Başından sonuna kadar AKP’nin istismarına ve oyalama taktiklerine sahne olsa da, yaklaşık iki buçuk yıl süren çatışmasızlık ve “çözüm” süreci koşullarında hem Kürdistan coğrafyasında hem de ülkenin batısında güçlenerek gelişen demokrasi mücadelesi, AKP’nin 12 yıllık baskıcı ve gerici iktidarını tehdit eden bir boyuta ulaşmıştı. Milyonlarca insanın sokaklara dökülerek günlerce sürdürdüğü Gezi-Haziran direnişi başta olmak üzere,  Soma ve Ermenek’teki gibi toplu işçi cinayetlerine karşı ortaya çıkan tepkiler, 17-25 Aralık’ta ortaya dökülen yolsuzluklar, metal işkolunda yaşanan ve on binlerce işçinin katıldığı grev ve direnişleri ve nihayet 7 Haziran’da emek ve demokrasi güçlerinin geniş bir kesiminin desteği ve güç birliğiyle HDP’nin elde ettiği seçim başarısıyla birlikte, AKP 13 yıllık tek başına iktidar döneminin sonuna gelmişti.

Steril ortamlarda yaşam şansı bulamayan virüsler gibi, barış ortamında iktidarını sürdüremeyeceğini anlayan AKP iktidarı ülkeyi adım adım savaş, terör, kaos ve baskı ortamına sürükledi. “400 vekil verin, bu iş güzellikle çözülsün”, “Biz gidersek bölgede yine beyaz Toros’lar ortaya çıkar” gibi tehdit söylemlerini her fırsatta dile getiren ve koalisyon hükümeti seçeneklerini de boşa çıkaran AKP-Erdoğan iktidarı, sokağa çıkma yasakları, cinayetler, patlatılan bombalar ve katliamlarla adım adım oluşturulan kaos ve terör ortamı eşliğinde gidilen 1 Kasım seçimlerinden istediği sonucu almayı başardı.

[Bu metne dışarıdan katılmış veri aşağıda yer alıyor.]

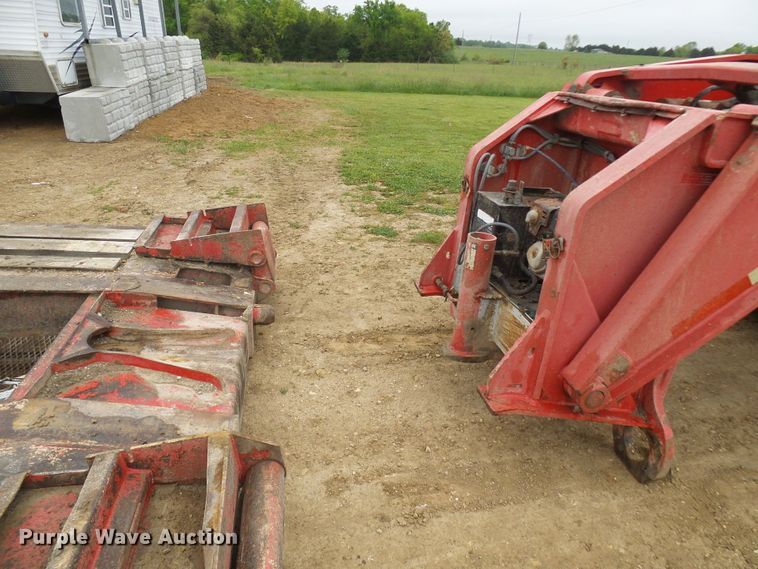 image for item DG5678 2004 Talbert T3DW-50SA-HRG-1-T1 lowboy equipment trailer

Gelinen aşamada karşı karşıya olduğumuz tablonun oluşmasında başka etkenler de var kuşkusuz. AKP’nin Suriye’ye yönelik uyguladığı ve her geçen gün ayağına dolanan, IŞİD ve Nusra benzeri el Kaide tipi cihatçı terörist örgütleri destekleyerek mezhep düşmanlığını kışkırtmak, Rojava’da Kürtlerin kazanımlarına engel olmak ve bölgede Osmanlıcı yayılma hayalleri üzerine kurulu kirli dış politikasının sonuçları ve bölgedeki gelişmelerin de payı büyük.

AKP iktidarı, ABD ve batılı emperyalistlerin, Suriye ve Ortadoğu’ya yönelik hesapları için ve yine AB’nin, mülteci akınını durdurmak için Türkiye’deki iktidarın işbirliğine ihtiyaç duymasını da fırsata çevirdi. AKP iktidarı ve onun etrafında birleşmiş olan egemen sınıflar, içeride ve dışarıda hedeflerine ulaşmak için ülkede giderek daha baskıcı ve faşizan bir diktatörlüğü adım adım inşa etmekte kararlı görünüyorlar. 

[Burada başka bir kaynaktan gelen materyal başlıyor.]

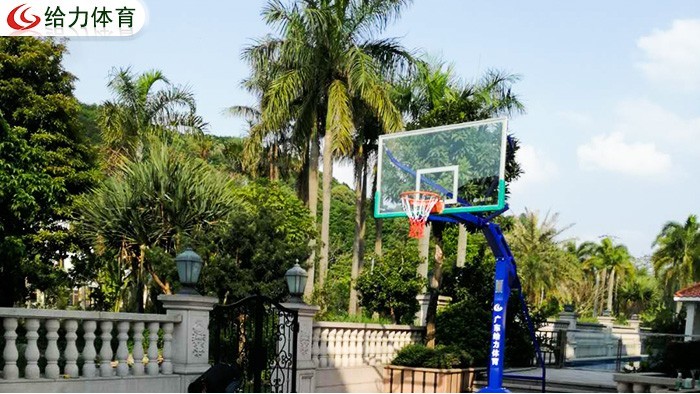 移動(dòng)籃球架價(jià)格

Bugün bölgede Cizre, Sur, Silopi ve Nusaybin gibi ilçelerde Kürt halkına ve onun örgütlü güçlerine yönelik adeta topyekün bir yok etme savaşına dönüşen saldırı dalgası, Kürt coğrafyasının geri kalanı ve ülkenin batısına ise bu kirli savaş ve katliamlara ‘dur’ diyen, barış ve eşitlik isteyen tüm kesimleri hedef haline getiren faşizan bir baskı ortamı olarak yansıyor.

Dolayısıyla, Erdoğan’ın deyimiyle “çözüm sürecini buzdolabına” kaldıran AKP iktidarı, yalnızca barış, eşitlik ve statü isteyen Kürtler için değil; Başta işçi ve emekçiler olmak üzere, Türkiye’de demokrasi, özgürlük ve insanca bir yaşam talebi olan bütün kesimler için, ‘çözüm süreci’yle birlikte tüm demokratik zemini ve kazanımları da “buzdolabına kaldırmış” bulunuyor.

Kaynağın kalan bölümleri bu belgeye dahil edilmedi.